Although the first pages were torn away we can assume that the departure date was late in July 1833. Carl penned a short sentence for each day, and some of the more interesting notations during the long two and one-ha1f month voyage are as follows:

Aug.11 Saw Helgoland light. Noise of the ship and groaning of passengers on approach to English Channel in severe storm.
Aug.20 Entered English Channel after four days of storms.
Aug.28 entered the Atlantic.
Aug.31. Sail tore in another bad storm.
Sept.5 Must go 200 miles to the trade winds. Coffee and tea is sour, and hardtack is moldy.
Sept. 15 Girl died of smallpox, and was buried at sea, leaving her aged blind father and small brothers alone in the world.
Sept.23 Conspiracy and grumbling among passengers. The captain fired several times during the evening, and things quieted down.
Sept26 Complaints of body lice.
Oct.6 Saw mountains of Cuba off right hand.
Oct.l0 At 10 PM steered north and entered Gulf of Mexico.
Oct.15 27 degrees, and should arrive at New Orleans in few days.
Oct.16 Pilot came out and got aboard.

The diary ends abruptly here, but from information learned by the Meyer sisters from their parents and grand-parents, Carl and his family, along with certain other family groups, took a steamboat and headed up the Mississippi River for St. Louis. They were in a joyous mood. They had safely crossed the treacherous Atlantic Ocean, and were now bound for their new home in Gottfried Duden’s Femme Osage country. Disaster, however, struck near St.
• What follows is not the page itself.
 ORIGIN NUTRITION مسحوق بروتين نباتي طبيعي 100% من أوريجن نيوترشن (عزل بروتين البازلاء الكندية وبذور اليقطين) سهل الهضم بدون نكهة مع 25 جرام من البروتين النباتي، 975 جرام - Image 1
Genevieve when their steamboat caught fire and sunk. But for a few items all belongings were lost. The Meyers managed to save a large "Reisekoffer" (trunk) which included some cooking utensils.

It was now late October. They could go no farther until Spring, so the entire party camped on the river bank all winter. The hardships encountered during that winter are Un- known, but some how they arrived in the Fernme Osage area, and Carl bought land from Nathan Boone, directly across the Femme Osage Creek from the Boone home. Carl and his daughter Louise, are buried there on that farm.

A son of Carl and Agnes was born in 1834 in Femme Osage. He, the grand-father of Charlotte and Carolyn, told how Carl became an ardent follower of Gottfried Duden.

The Meyers moved to Eagle Fork in 1871.